(Beginning of Supplied information)

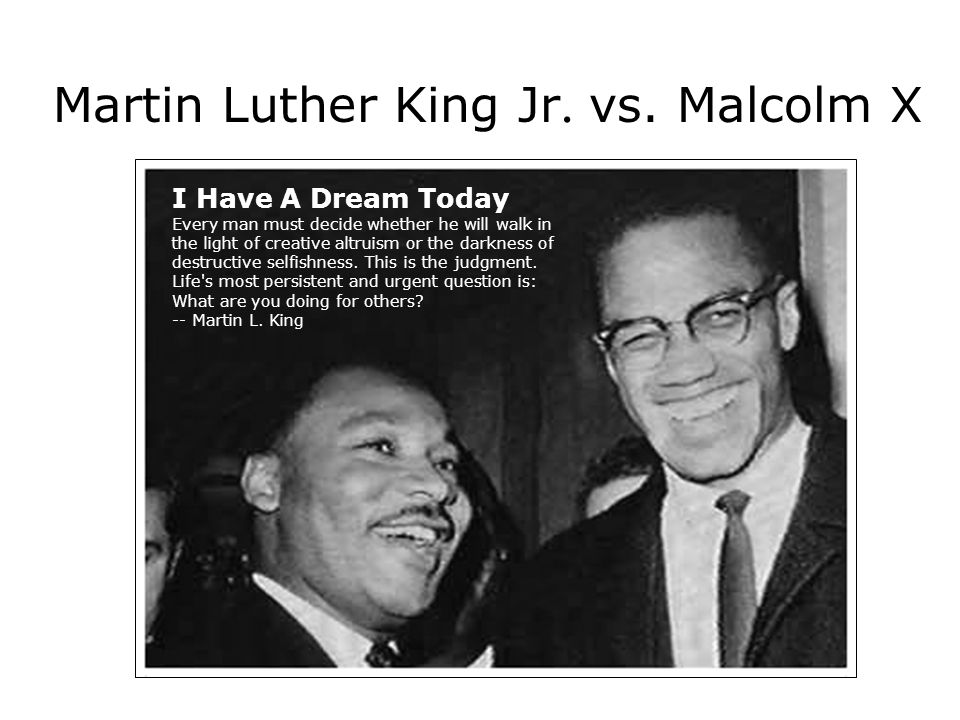 martin luther king jr vs malcolm x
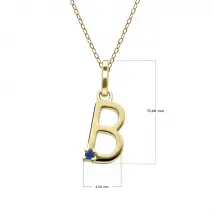 Initial Blue Sapphire Letter Necklace In 9ct Yellow Gold
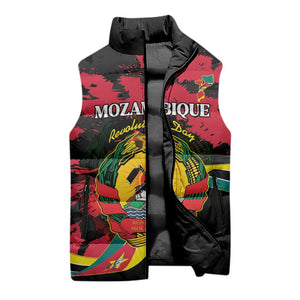 Personalized Mozambique Revolution Day Sleeveless Puffer Jacket Coat Of Arms FRELIMO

(End of Supplied information)

Brief
Pictures are to be omitted from the copy. Reproduce exactly, and only, the lines from the one containing "Initial Blue Sapphire" to the end of the listing above.

Problem solution
 Initial Blue Sapphire Letter Necklace In 9ct Yellow Gold
 Personalized Mozambique Revolution Day Sleeveless Puffer Jacket Coat Of Arms FRELIMO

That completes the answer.